BC Separation Law for Divorcing and Separating Common Law and Unmarried Spouses

Thursday, April 8th, 2010

Lorne MacLean Vancouver BC Family Lawyer


We as British Columbia family law and BC divorce lawyers as well as lawyers acting for unmarried couples are often asked to explain the differences in law that applies to divorcing as opposed to separating unmarried couples.

There are several differences between the legal rights of individuals separating from a marriage versus those that are separating from a Common Law relationship. In this article a very brief synopsis of some of the most significant differences will be highlighted. Please note that this should not to be considered as legal advice that is necessarily relevant to your own situation. Should you be considering a separation or are in the midst of a separation we urge you to seek legal advice as soon as possible.

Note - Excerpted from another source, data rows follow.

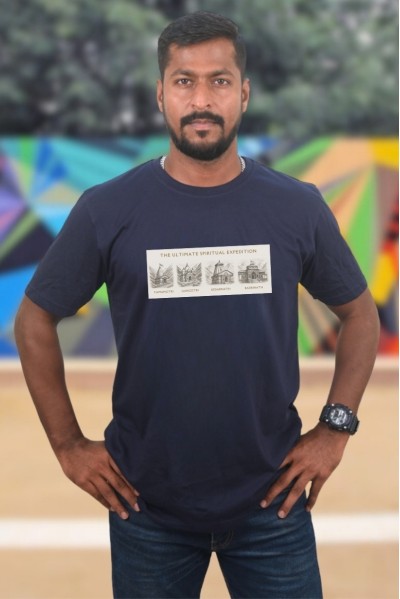 Char Dham Sketch Classic Fit Navy Blue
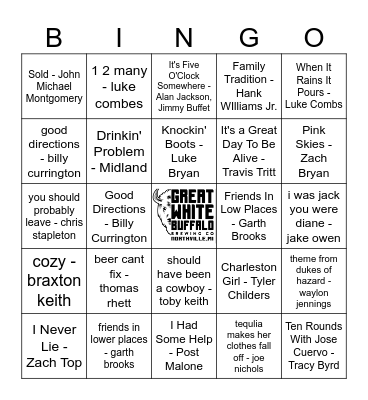 YEEHAW!!! It's Country Hits Bingo Card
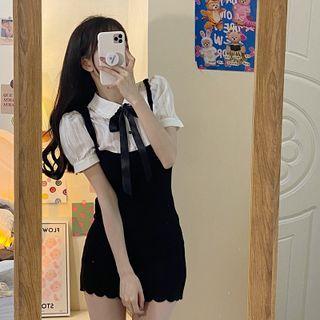 Mock Two-piece Short-sleeve Knit Dress Black & White - M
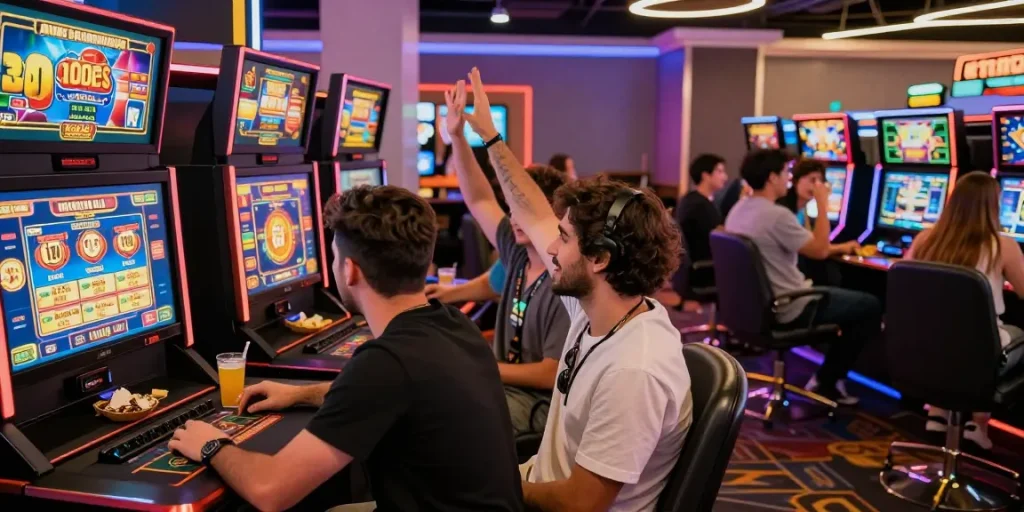 Players enjoying exciting games at HM 88 online casino with vibrant atmosphere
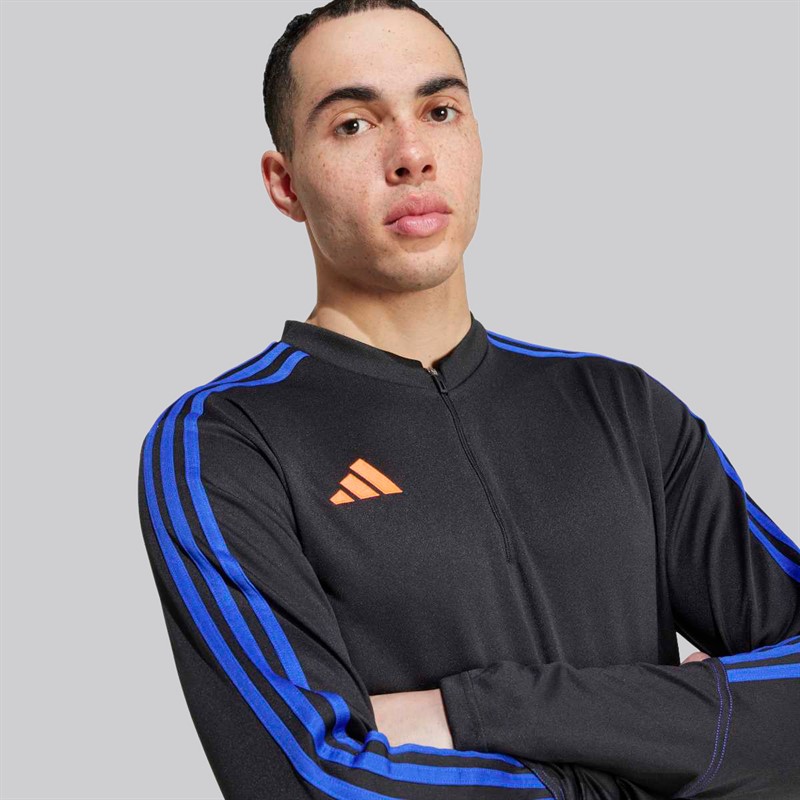 adidas Herre Tiro 23 1/4 Zip Træningsbluse Sort/Lucid Blue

In British Columbia you must cohabit 2 years in a marriage-like relationship before you are considered as being in a common law relationship. If the common law nature of a a relationship is disputed by one party, the Court will embark on a consideration of all factors regarding the relationship to establish whether it fits under this definition. The facts considered will include but not limited to the sexual involvement of the couple, their economic codependence, roles played by each party (ie. homemaker and breadwinner) and whether there are any children borne of the relationship.

1. Property

When married couples separate, no matter how long the marriage, pursuant to section 56 if the Family Relations Act the parties have a presumptive one-half interest in all family property. While under section 65 of the Family Relations Act one or both separating couples may request a reapportionment of assets in their favour, the fact is that the Courts must be persuaded to depart from the presumptive equal splitting of property. This means that with married couples, upon separation property division is somewhat simplified in quantum percentage save for the rare time when there is evidence to suggest that it would be unfair to proceed with the equal division.

All of the assets, property and debt in a marriage are presumed to be family assets and up for division. A party must demonstrate that the exclusion of an asset, property or debt in the division (or reapportionment) is appropriate or else it will be thrown into the pot for consideration.

Conversely, when common law couples separate, there is no presumptive equal split of family assets. As a matter of fact, there are no “family” assets per say, but rather a bundle of assets or property in one or both parties’ names which must be plodded through to determine the quantum of ownership that is appropriate in a given situation. One (or both) parties must claim their stake in the assets or property by arguing that the other party has been unjustly enriched by their own contribution. In basic terms, what needs to be established is that one spouse has been enriched, there is a corresponding deprivation to the other spouse, and there is no legal reason for the enrichment.

This argument can attach to all sorts of assets or property, including but not limited to real property (ie. land and home), vehicles, RRSP’s, pensions and bank accounts.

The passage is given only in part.